Reposting: The Mote in All Our Eyes

haikujaguar makes some very interesting observations in her blog post the other day.  The dear lady remained calm and polite during the landslide the followed.  I commend her.


Originally posted by haikujaguar at The Mote in All Our Eyes

This seems a good time for this, if ever there is a good time for it. It is certainly (and depressingly, as usual) a necessary time for it. But having returned from Worldcon, with its many microaggressions, and having read Jim Hines’s very thoughtful Storify about microaggressions—which was aimed at educating my kind, or so most people would assume—I am sorry to have to bring this topic up.

So here it is. I agree totally that such a thing as microaggression exists. I am exhausted at honoring it when the people who are demanding that I do consistently exhibit macroaggression at me and people like me. Not only do they do so, they often congratulate themselves on it, or tell me that I deserve it because of extremists who claim to share my beliefs (is this sounding familiar? I weep for us… will we every learn!).

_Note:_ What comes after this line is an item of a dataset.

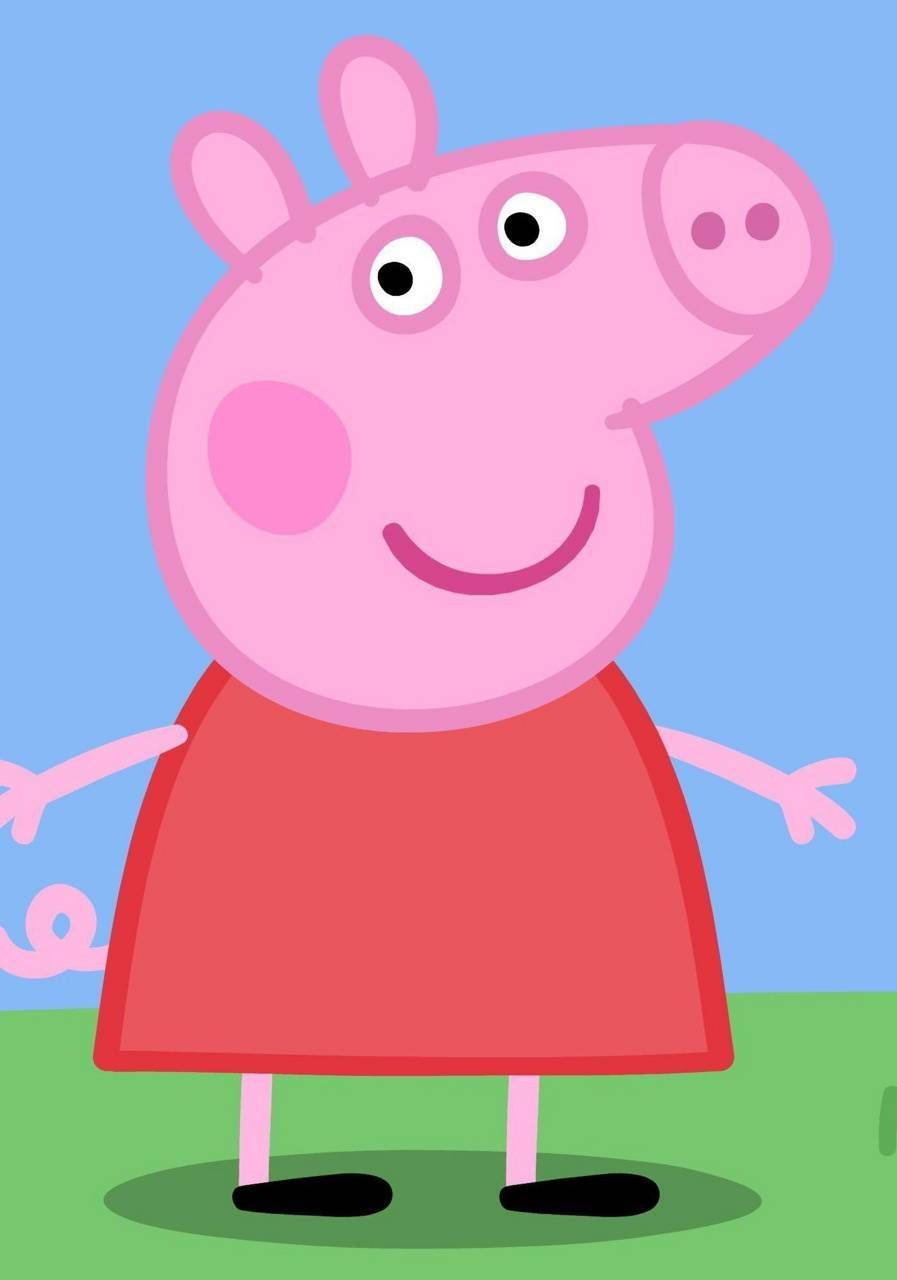 Peppa Pig, red dress, blue sky, HD Phone Wallpaper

I find this appalling. I don’t think it’s right to blame my unlike-thinking friends, or even strangers, for the acts perpetrated by the extremists in their belief systems. I don’t even blame them for the beliefs that I find disturbing or “excessively discomforting.” Yes, I went there. I attended a con once where the toastmaster said that they wanted all conservatives to “hurry up and die and leave the planet to the rest of us. No wait, they can stay as long as we can have their money.” And people applauded. That person wasn’t kicked out of the convention. They were feted and congratulated while I sat in the audience, pale and trembling, listening to the people around me cheer my demise. I have never, ever forgotten that moment. Or all the threatening ones after, both generalized or intimate, like the man who leaned into my face and told me the world would be better off without me and people like me. No one stepped in to tell him that he shouldn’t say such things. The people standing around us just nodded or smiled. One of them even said before leaving, “Your time is over. We don’t need you anymore, [expletive here].”

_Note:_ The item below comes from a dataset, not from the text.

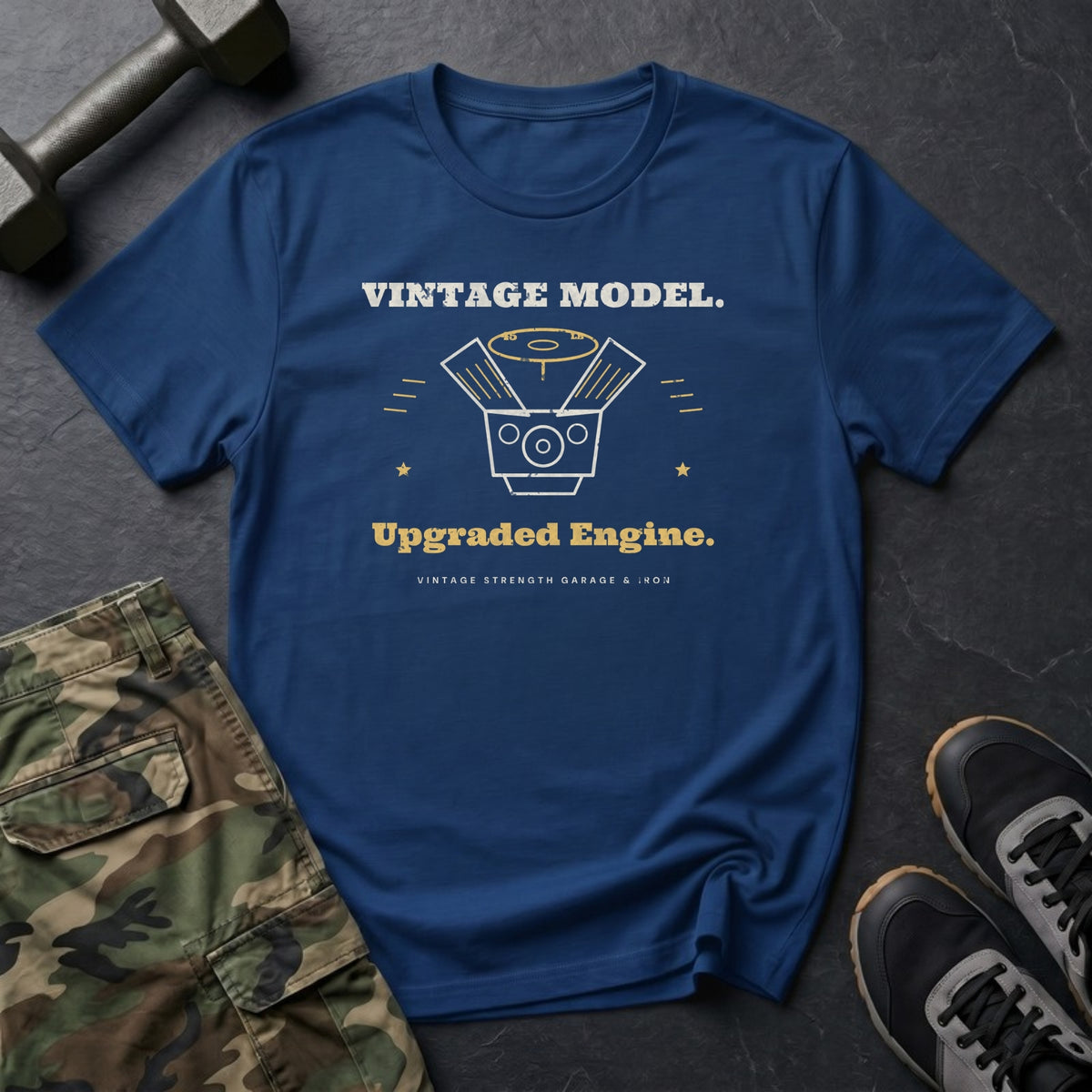 Vintage Model. Upgraded Engine. T-Shirt in Heather Navy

And yet, I know that if I say these things, the majority of the people will probably say, “Well. You deserve it. You’re Christian. You’re a conservative. You don’t belong here.

I am all for a more civilized fandom. I am all for us being kinder to one another, and striving to understand each other’s viewpoints, experiences, and beliefs. I give people the benefit of the doubt, and because of that, I’ve enjoyed friendships with a broad gamut of people, all of whom have taught me a great deal and brought me a great deal of joy. But if we’re going to slap people on the wrists for microaggression, can we please start playing fair? Can we go after the person at the con who made knowing comments to the audience about flyover states? Can we talk to the person who was preaching radical feminist philosophy as if it was the only sensible philosophy until I said, quietly, “I’m sorry. I’m not on board with most of that.” Can we stop the toastmasters wishing that half the population would die in a fire (and leave their wealth to them)? Is my excessive discomfort also important? What about all my conservative or religious friends, and the fans who have quietly told me the only place they feel safe is in my social media spaces? What about the fans who have even more quietly told me they don’t feel safe ever?

I am already trying to be part of this solution. Maybe we could meet halfway?


One question that kept coming to my mind while I was reading the post and the comments:
Why does there have to be “your side” and “our side”?
What about the people who are not on either “side”?

Why do people insist on drawing a line down the middle of the table?
Can people not see that this in-fighting is causing harm – that we’re losing fans because of the bickering?

haikujaguar said that we need to meet in the middle. The first step towards that, in my mind, is to remove that line from the table and add some extra seats. ‘Cause you know what, in the end we’re all sf fans and by our very nature we’re a bit on the odd-ball side.